### Dataset extract

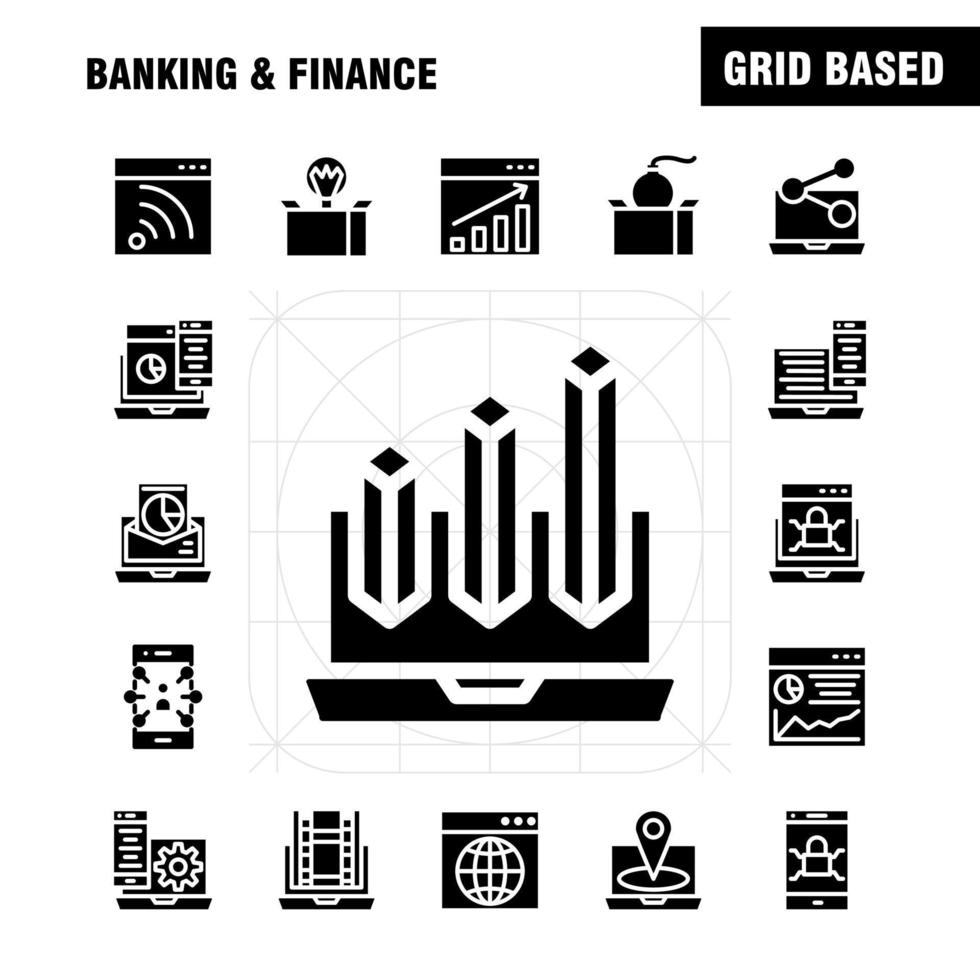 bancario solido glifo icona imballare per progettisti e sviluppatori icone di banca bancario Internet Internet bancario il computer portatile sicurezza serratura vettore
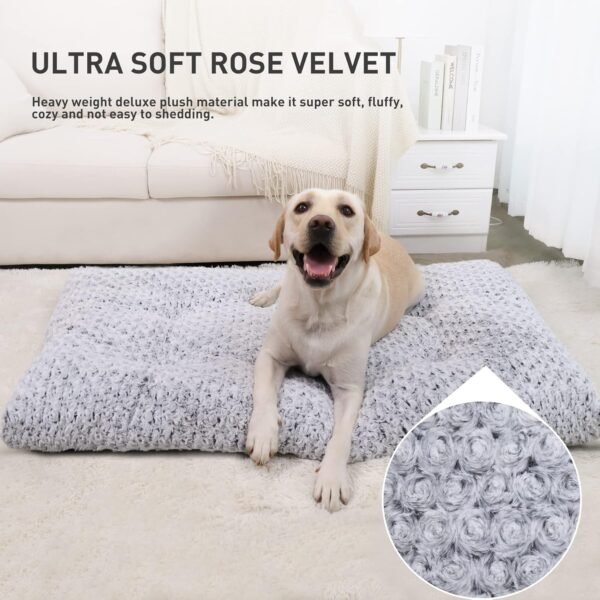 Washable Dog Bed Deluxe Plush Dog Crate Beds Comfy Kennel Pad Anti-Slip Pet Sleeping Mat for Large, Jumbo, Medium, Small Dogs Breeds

######
### Dataset extract

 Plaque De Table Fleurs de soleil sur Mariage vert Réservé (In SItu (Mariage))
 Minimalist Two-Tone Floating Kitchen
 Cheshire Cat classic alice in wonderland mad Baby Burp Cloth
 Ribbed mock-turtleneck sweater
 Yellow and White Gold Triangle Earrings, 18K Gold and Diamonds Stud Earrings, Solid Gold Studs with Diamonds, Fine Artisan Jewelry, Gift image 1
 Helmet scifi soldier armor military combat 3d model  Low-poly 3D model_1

######
### Dataset extract

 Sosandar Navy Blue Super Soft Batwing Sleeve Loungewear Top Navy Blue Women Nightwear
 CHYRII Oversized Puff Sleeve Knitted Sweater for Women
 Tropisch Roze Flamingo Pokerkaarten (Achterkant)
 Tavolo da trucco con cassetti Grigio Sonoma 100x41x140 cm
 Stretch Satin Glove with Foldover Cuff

######

## Problem description
Copy out exactly the lines above beginning with the line that contains "bancario solido glifo" and finishing with the line that contains "Washable Dog Bed", including both; leave the pictures out.

## Completed task
 bancario solido glifo icona imballare per progettisti e sviluppatori icone di banca bancario Internet Internet bancario il computer portatile sicurezza serratura vettore
 Washable Dog Bed Deluxe Plush Dog Crate Beds Comfy Kennel Pad Anti-Slip Pet Sleeping Mat for Large, Jumbo, Medium, Small Dogs Breeds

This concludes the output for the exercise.